Admito que seja plausível supor-se que poderá estar na base disso uma estratégia de adaptação progressiva da realidade negra dos números à opinão pública, sobretudo tendo-se atravessado uma época eleitoral e um último trimestre importante para o consumo privado.
Por outro lado, a turbulência sobre as contas públicas em 2009 foi de facto mais violenta e mais dinâmica do que aquilo que é costume em anos de crise "normais".
Quer isto dizer que é igualmente plausível assumir que a rápida deterioração do desemprego pode, quase por si só, explicar a situação dum défice real claramente superior ao antecipado pelo executivo, por via da inerente subida de custos sociais e simultânea diminuição de receitas.
Mas o problema não reside na relativa gestão de espectativas a que o governo se viu "obrigado" entre Agosto e Dezembro de 2009, que era de esperar da parte de qualquer governo não-suicidário e algo dependente de juízos externos ao país sobre o estado da sua economia; nem reside nos efeitos de distorção anómala que a degradação rápida da situação económica de 2009 gerou, com efeitos amplificados sobre quaisquer previsões por via do atraso estatístico na compilação final dos dados económicos relativos a 2009. Tudo isso é aceitável.

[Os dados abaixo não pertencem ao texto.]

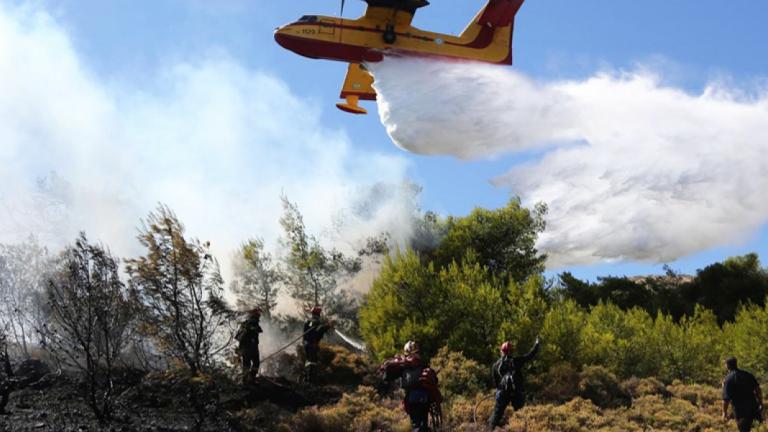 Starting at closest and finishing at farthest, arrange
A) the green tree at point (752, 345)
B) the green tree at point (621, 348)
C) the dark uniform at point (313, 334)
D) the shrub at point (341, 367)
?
the dark uniform at point (313, 334) → the shrub at point (341, 367) → the green tree at point (621, 348) → the green tree at point (752, 345)

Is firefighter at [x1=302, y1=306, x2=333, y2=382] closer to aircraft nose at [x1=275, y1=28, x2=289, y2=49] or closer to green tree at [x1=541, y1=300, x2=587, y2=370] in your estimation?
green tree at [x1=541, y1=300, x2=587, y2=370]

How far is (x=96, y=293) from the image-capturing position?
40.8 ft

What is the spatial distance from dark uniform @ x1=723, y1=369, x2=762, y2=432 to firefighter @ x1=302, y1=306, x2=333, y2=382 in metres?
8.34

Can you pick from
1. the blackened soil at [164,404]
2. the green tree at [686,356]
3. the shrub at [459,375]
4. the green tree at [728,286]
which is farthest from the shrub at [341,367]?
the green tree at [728,286]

O problema reside antes na falta de perspectiva - ou excessivo calculismo político - do executivo entre Setembro de 2008 e Março de 2009, quando as consequências da crise internacional sobre o país já estavam à vista mas não eram ainda oficialmente admitidas; caso o tivessem sido, teria porventura sido possível uma acção mais atempada na prevenção de algumas situações de desemprego causadas por falências oportunistas, por exemplo; teria sido possível a introdução de medidas com maior recuo, mais imaginativas, capazes de mitigar alguns dos efeitos da verdadeira sangria de emprego a que assistimos durante o decurso de 2009.
Pode ser que isso tivesse inclusivé elevado o défice acima dos 9,3% - na pior das hipóteses -mas teria tido o mérito de ter dado um avanço precioso de seis a oito meses sobre o controlo da situação.

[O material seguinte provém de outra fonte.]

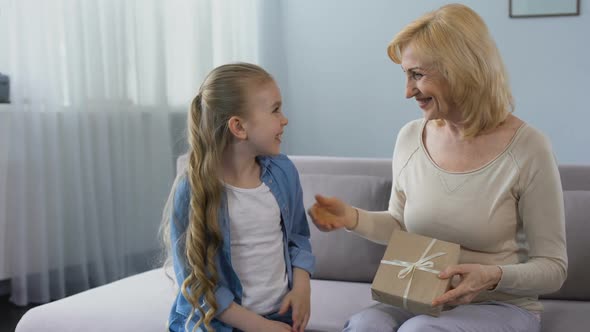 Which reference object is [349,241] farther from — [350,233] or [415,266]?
[415,266]

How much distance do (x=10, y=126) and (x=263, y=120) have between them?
1.84 meters

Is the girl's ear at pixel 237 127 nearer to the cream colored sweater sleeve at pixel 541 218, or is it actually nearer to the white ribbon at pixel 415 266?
the white ribbon at pixel 415 266

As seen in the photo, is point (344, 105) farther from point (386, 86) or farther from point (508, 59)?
point (508, 59)

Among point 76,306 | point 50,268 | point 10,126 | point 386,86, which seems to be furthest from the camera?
point 386,86

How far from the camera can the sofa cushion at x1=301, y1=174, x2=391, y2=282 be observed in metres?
2.30

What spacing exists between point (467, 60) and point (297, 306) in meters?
0.69

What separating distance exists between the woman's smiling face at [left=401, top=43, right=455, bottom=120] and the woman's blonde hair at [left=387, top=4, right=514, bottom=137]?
1 cm

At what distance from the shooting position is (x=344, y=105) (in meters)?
4.47

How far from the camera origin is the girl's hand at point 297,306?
1754mm

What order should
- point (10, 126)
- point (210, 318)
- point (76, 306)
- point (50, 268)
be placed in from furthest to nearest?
point (50, 268), point (10, 126), point (76, 306), point (210, 318)

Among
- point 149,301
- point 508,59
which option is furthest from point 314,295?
point 508,59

Nesta matéria o governo preferiu uma gestão à vista - coisa muito portuguesa - em vez da necessária reactividade estratégica, e dessa forma atrasou medidas anti-crise que, tendo sido tomadas tardiamente, anularam boa parte do seu próprio impacto potencial na manobra de inversão duma situação económica e social trágica.
A minha avaliação dessa reacção tardia não pode ser, como se depreende, positiva.